Cooling global growth that curbs overseas demand will probably take pressure off commodity prices. The expansion in the 17-nation euro region stagnated in the first quarter from the same time in 2011. China’s economy grew 8.1 percent in the first three months of 2012 from a year earlier, the slowest pace in 11 quarters. India’s GDP rose at a 5.3 percent pace in the first quarter from a year earlier, the slowest in nine years.

“If demand doesn’t hold up, if China demand is weak and European demand is weak then it’s hard to see why we would experience a lot of raw-material inflation the foreseeable future,” said Gary Hendrickson, president and chief executive officer of Valspar Corp.

The Minneapolis-based maker of paints and coatings anticipates low to mid-single digit year-over-year price increases, Hendrickson said during a May 23 investor conference.

The cost of imported goods from China was unchanged in May, while items from the European Union dropped 0.1 percent.

A pickup in the value of the dollar since the third quarter of 2011 may also help make imported goods less expensive.
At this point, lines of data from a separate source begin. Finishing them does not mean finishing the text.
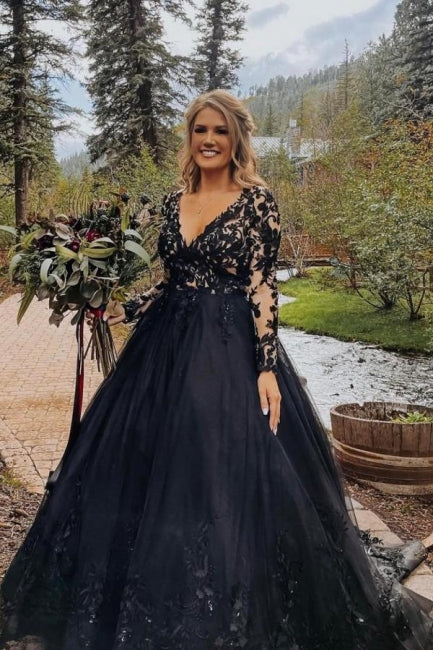 Elegant Long Black A-line V-neck Long Sleeves Wedding Dresses With Lace-BMbridal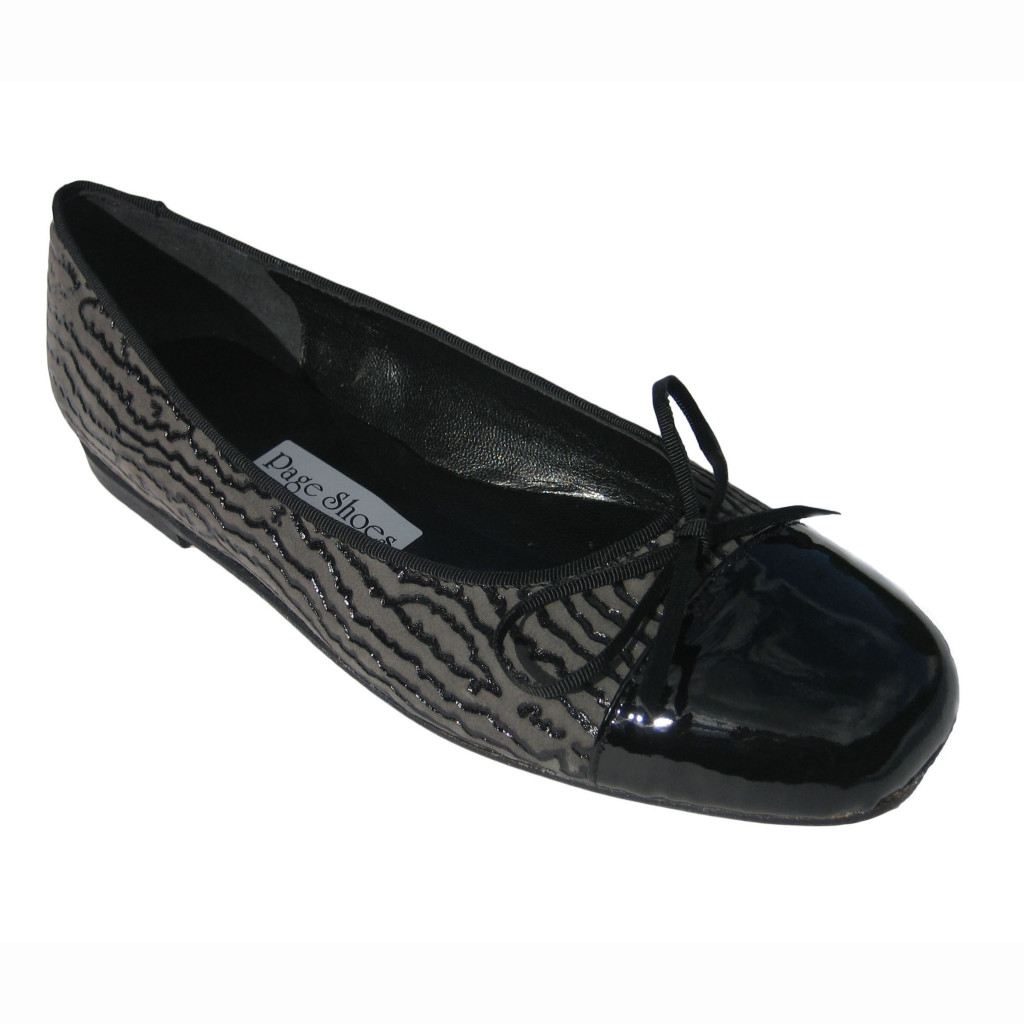 Margot + Flat Blk Grey Ripple Blk GG Blk Patent + Toe Cap + Ballet Bow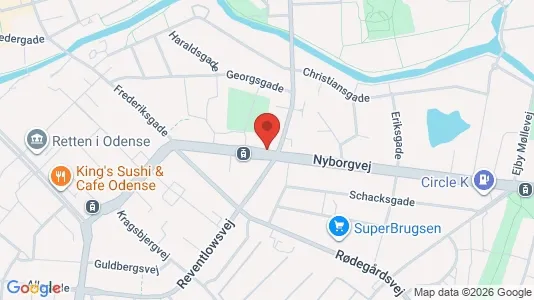 Apartments for rent i Odense C - kort over placeringen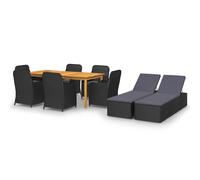 Vidaxl Ensemble De Salle À Manger De Jardin 9 Pcs Noir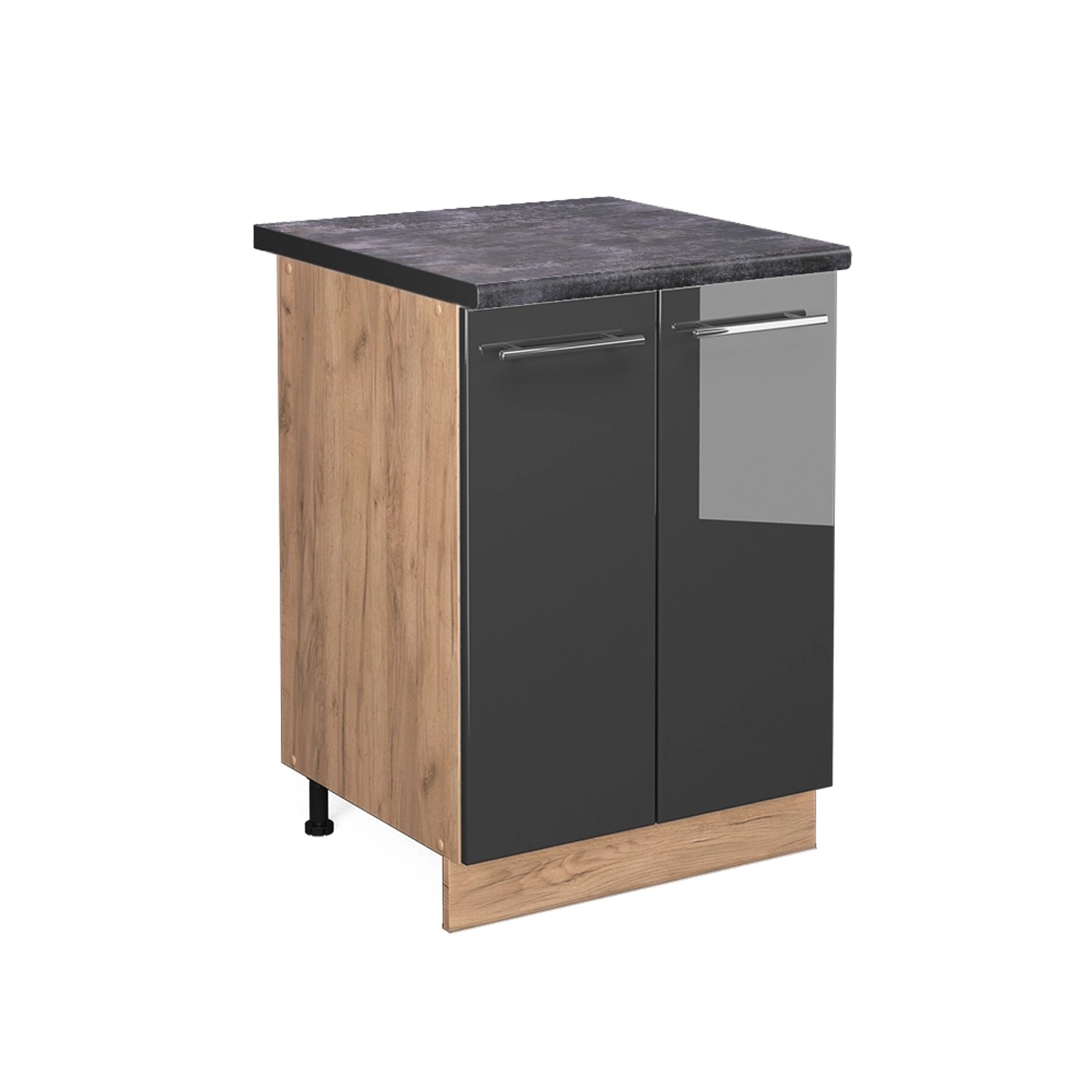 Vicco Küchenunterschrank Fame-Line Anthrazit Hochglanz/Goldkraft Eiche 60 c günstig online kaufen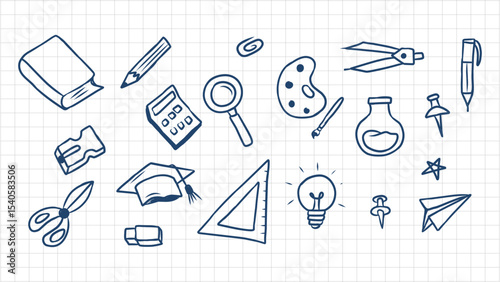 Hand drawn school and education elements on a graph paper background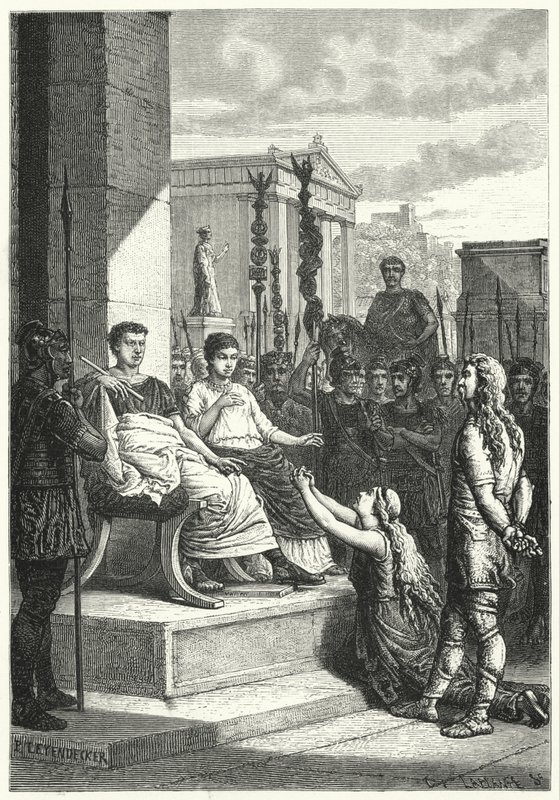 Germanic captives before the Roman Emperor by German School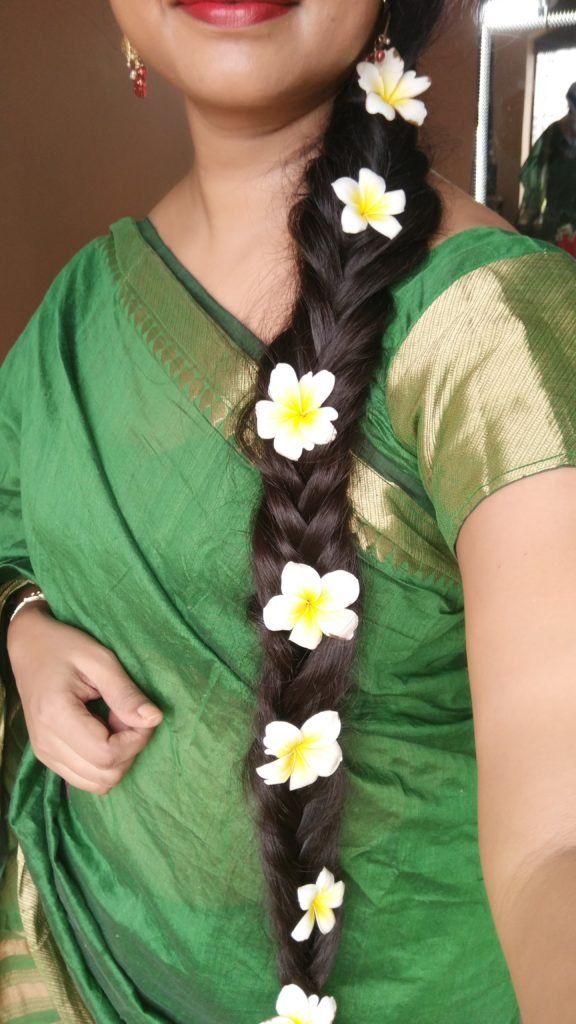 floral braid hairstyle - salonguruindia.com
The Dollar Index, which IntercontinentalExchange uses to track the currency against that of six major trade partners including the euro and yen, has increased 12 percent since July 26 through Monday.

The outlook for inflation is “subdued,” and price increases will probably remain at or slightly below the 2 percent level that’s in line with the central bank policy makers’ goal to meet their dual mandate of stable prices and maximum employment, Fed Chairman Ben Bernanke told Congress’s Joint Economic Committee last week. Higher unemployment and retreating oil and gas prices “should continue to restrain inflationary pressures.”

The Federal Open Market Committee, which sets the course of central bank policy, meets next week. The group may address a cooling U.S. expansion, the weakest job growth in a year and a widening crisis in Europe

U.S. export prices decreased 0.4 percent in May, Tuesday’s report also showed, after rising 0.4 percent the previous month. Prices of farm exports climbed 0.7 percent and those of non-farm goods decreased 0.5 percent.

The import-price index is the first of three monthly price gauges from the Labor Department. Data on producer prices come out June 13, followed the next day by the consumer-price index.